Increase awareness that Medicaid may not be used to subsidize room or board for people supported in DDA Community Living programs. Assistance is needed: from developers, policymakers, and funders to prevent homelessness and to ensure people can live in their communities.
VIII. Law Enforcement and Justice
Support police training efforts that reduce stigma, increase safety, and inspire relationships of acceptance and support for all Marylanders. Advocate for sufficient funding for training focused on positive interactions between people with IDD and first responders.
IX. Civil Rights
Close the remaining state institutions and oppose the expansion of use of State Residential Centers (SRCs) including respite care.
With consideration to the fact that some individuals in society require the assignment of a guardian to ensure a person’s health and safety, The Arc shall advocate for the rights of individuals to have alternatives to guardianship fully explored and exhausted, prior to a guardianship assignment. Advance the use of Supported Decision Making as a legal option and alternative to guardianship.
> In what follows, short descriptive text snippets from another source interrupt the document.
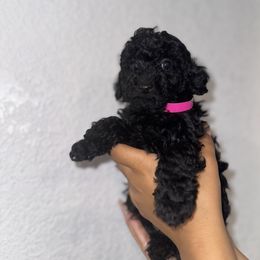 Poodle and Yorkshire Terrier Puppies from Cotton Furbabies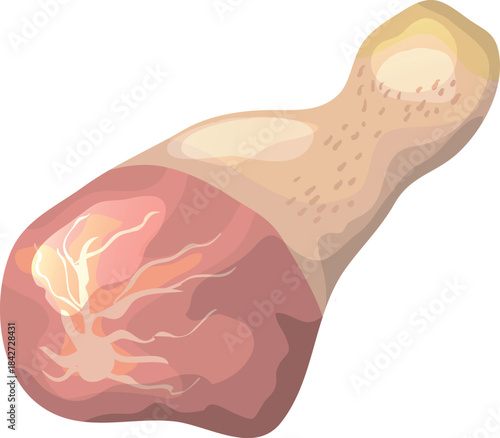 A cartoon drawing of a chicken leg with a lot of detail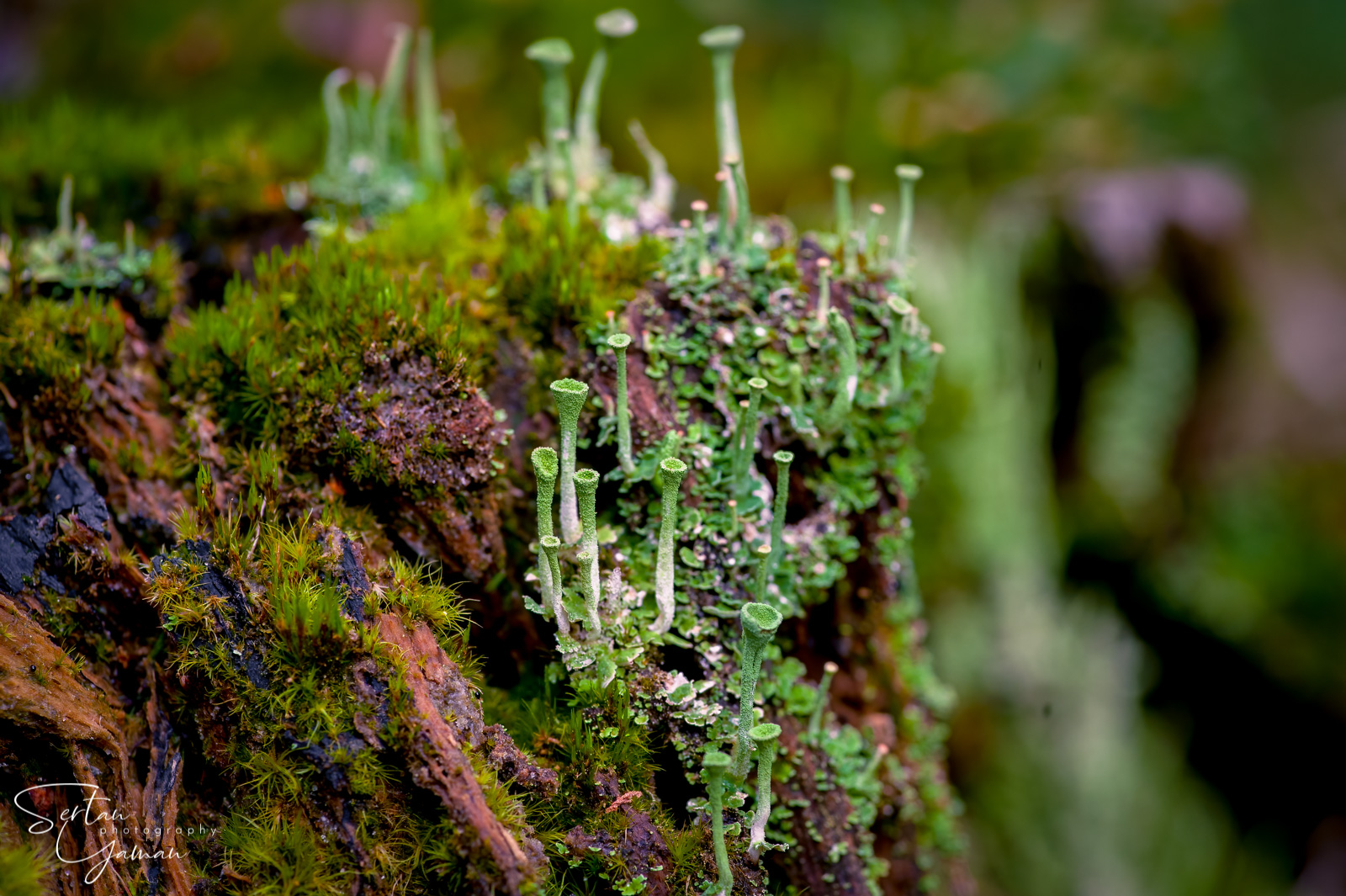 Cladonia lichens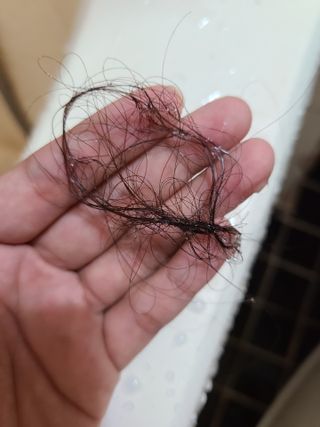 반비님이 올린 리뷰 사진 3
Advocate for individuals under guardianship to have information on what rights they maintain and what rights guardianship impacts. Advocate for reviews of guardianship, for less restrictive alternatives, periodically in our guardianship statutes.
Protect voting rights of people with intellectual and developmental disabilities and oppose measures that would have discriminatory effects on people with IDD, such as signature and ID requirements to vote.